Generally, couples were concerned with the following: (i) minimizing estate taxes; (ii) leaving the maximum amount to the surviving spouse; and (iii) providing for the children or grandchildren after the death of the surviving spouse.

2009 Change

With a combined $7.0 million exemption, the focus shifts from minimizing estates taxes to maximizing the amount left to the surviving spouse estate-tax free ($3.5 million in 2009).

Note: Those with estates over $7.0 the traditional approach – maximizing each individual’s exemption – continues as the primary concern.

Examples

Assume husband and wife’s estate is $4.0 million, owned equally, and they have their full exemptions. If husband dies in 2008, his share of the assets ($2.0 million) is covered by his $2.0 million exemption. The same is true for wife; thus, there is no estate tax liability.

Now assume that husband dies in 2009. His $3.5 million exemption is $1.5 million greater than his $2.0 million share. If husband does not transfer additional assets to wife, her exemption will be underfunded by $1.5 million.

Under the new exemption amount, husband may transfer an additional $1.5 million to wife without adverse estate tax consequences.

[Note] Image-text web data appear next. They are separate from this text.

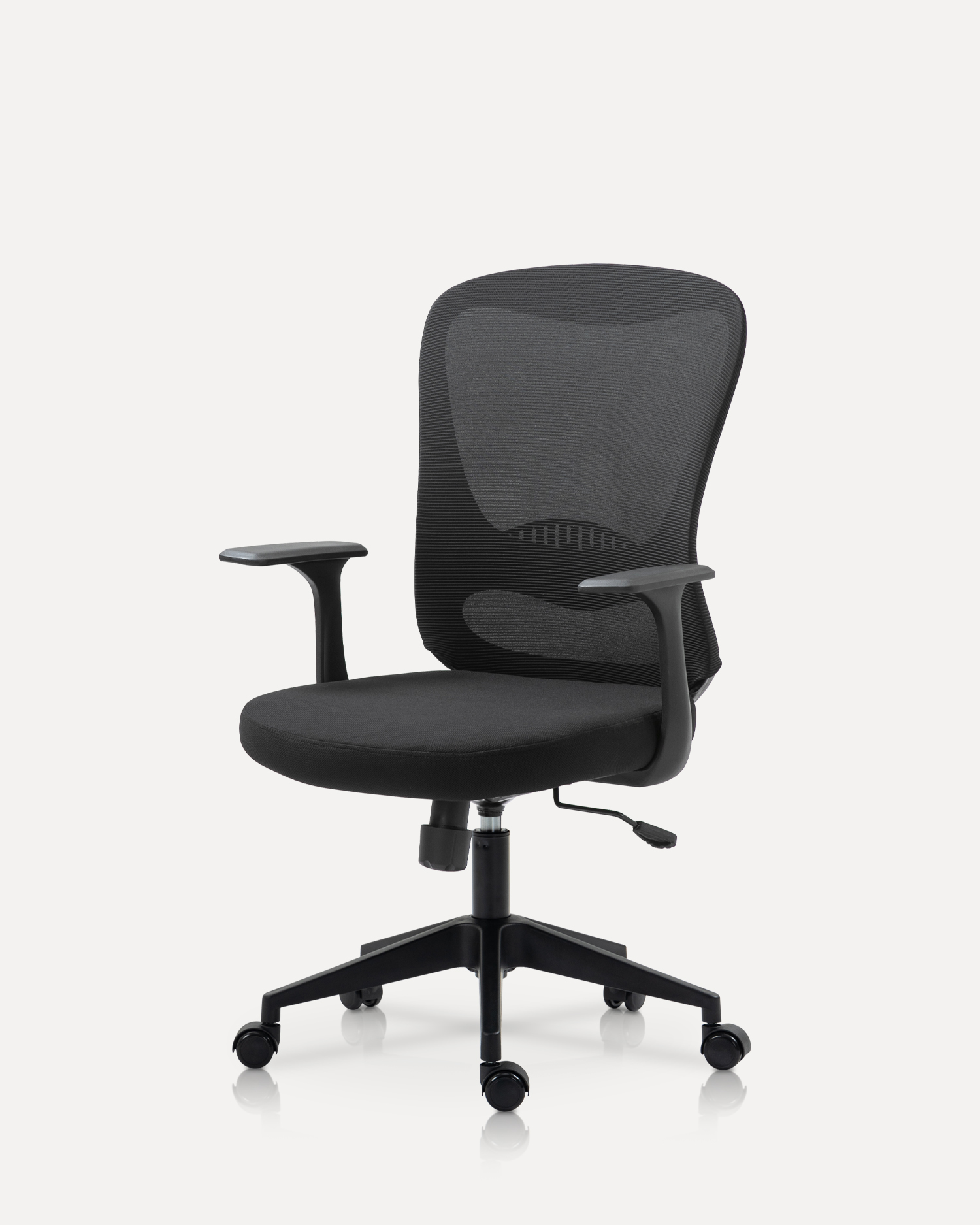 Stolica za čekaonica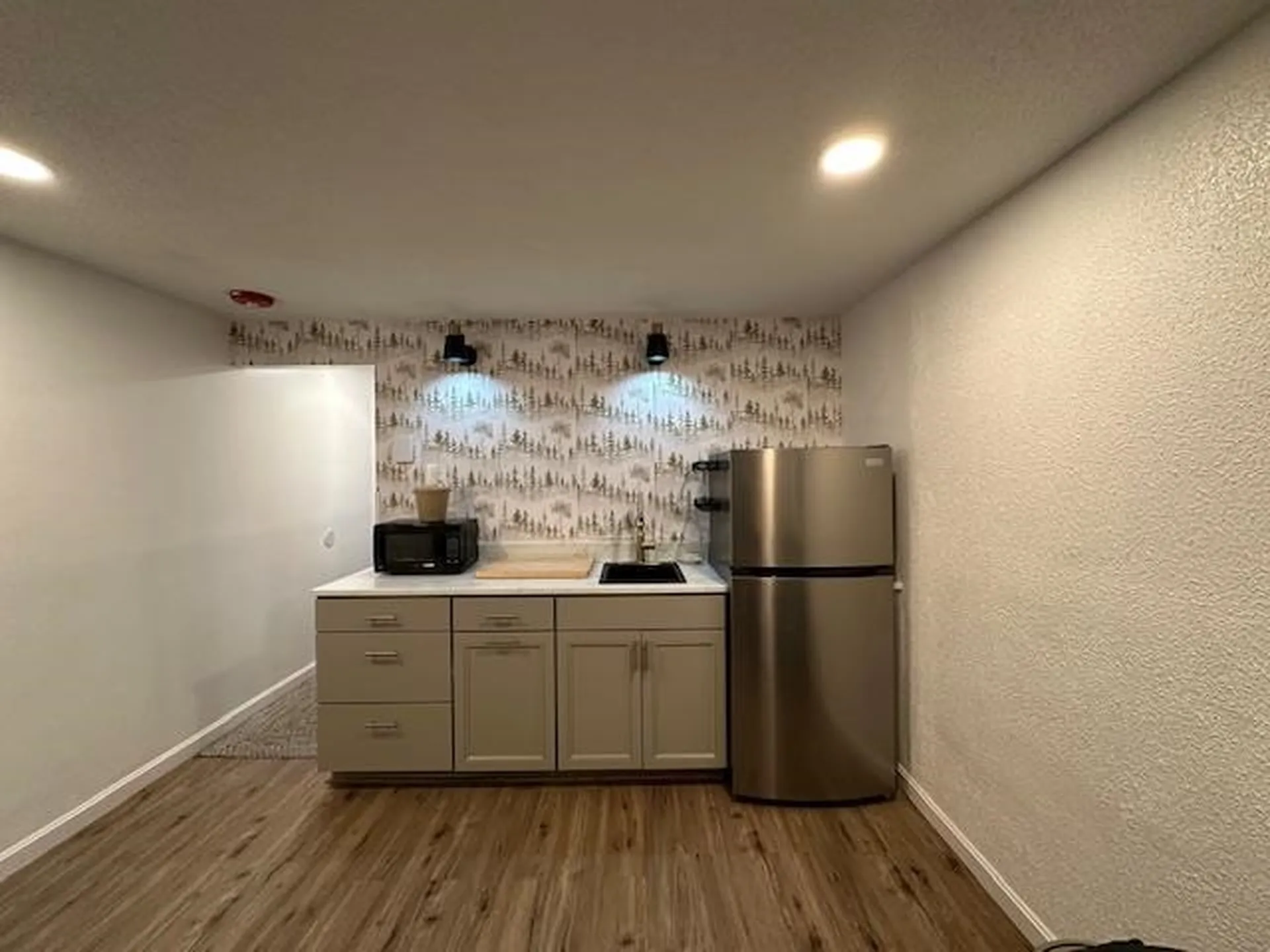 2955 White Mountain Highway Conway NH 03860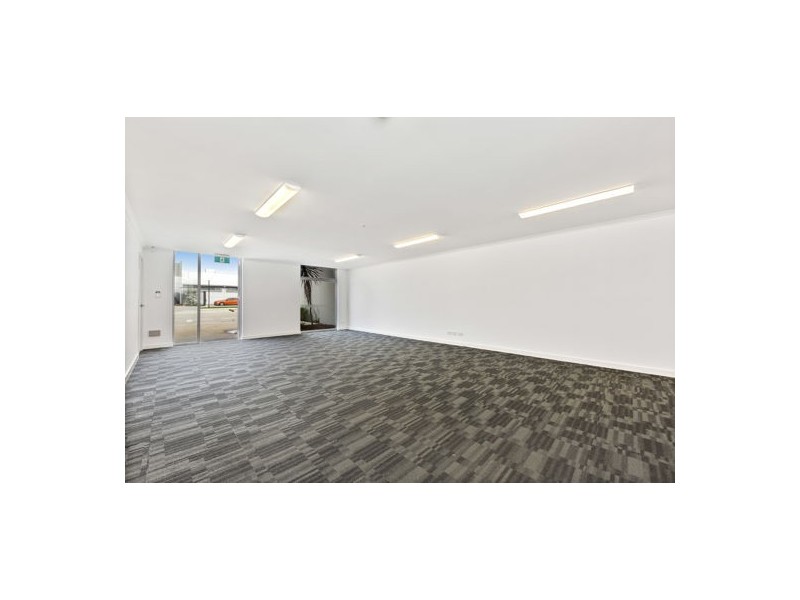 1/35 Erceg Road, Yangebup WA 6164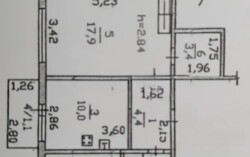 ��������� �������� ������, ������������� �-�, ��������, 62 ���� 1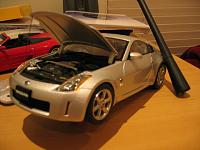 My new Z....hehehe-100_0030_1.jpg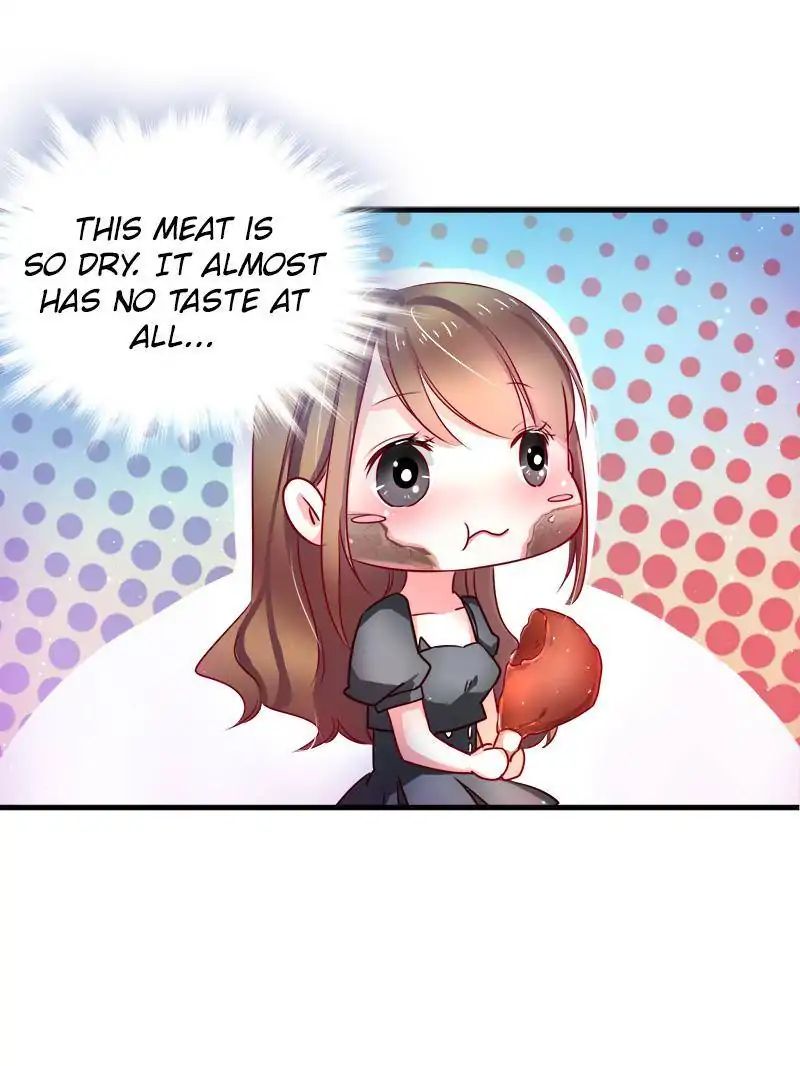 Page 7 of Chapter 4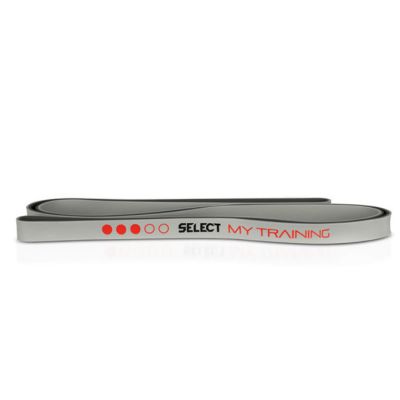 Select My Training 800084 Trainingsband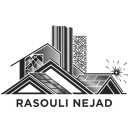 ورق‌آلات ساختمانی رسولی‌نژاد، اجرای تزئینات داخلی خارجی سقف کاذب شیروانی و جوشکاری در شاهرود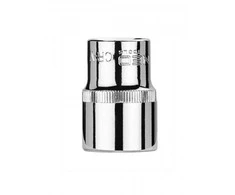 Galvutė šešiakampė NEO 1/2", 19 mm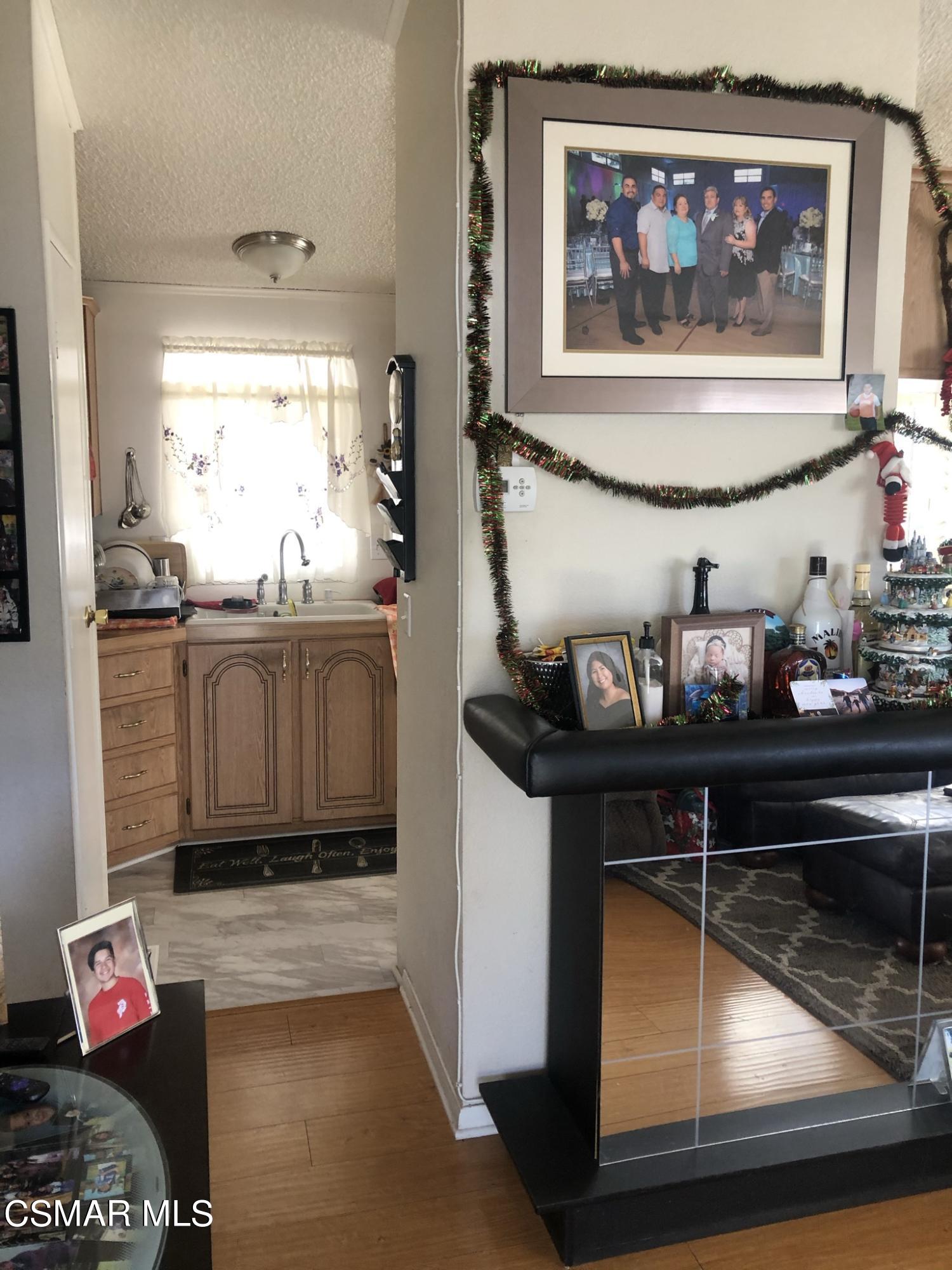 1550 Rory Lane, Unit 102 Simi Valley, CA 93063 - Photo 9 of 20 69E9264E-51F4-4034-95A6-440782890A64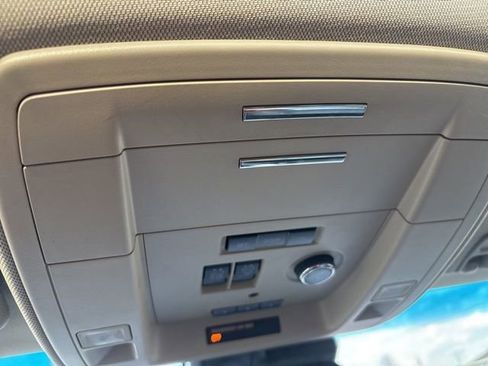 Used 2018 Chevrolet Suburban LT w/ LT Signature Package image 22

Note: Under both examples, if in the future wife’s estate increases above her exemption, her estate may owe taxes on the difference.

New Approach

Given this new reality, the combined exemptions may greatly exceed the estate’s value. Allocations based on the estate’s size and the surviving spouse’s exemption are now the primary focus.

Maximum funding of the deceased spouse’s exemption may result is less than optimum planning and, potentially, an angry surviving spouse who was deprived of a larger share of the couple’s estate.

Conclusion

With the increase in exemptions, estate planning is undergoing radical change. Although there is no estate tax in 2010, the betting crowd wagers that Congress will settle on a future exemption between $2.5 and $3.5 million.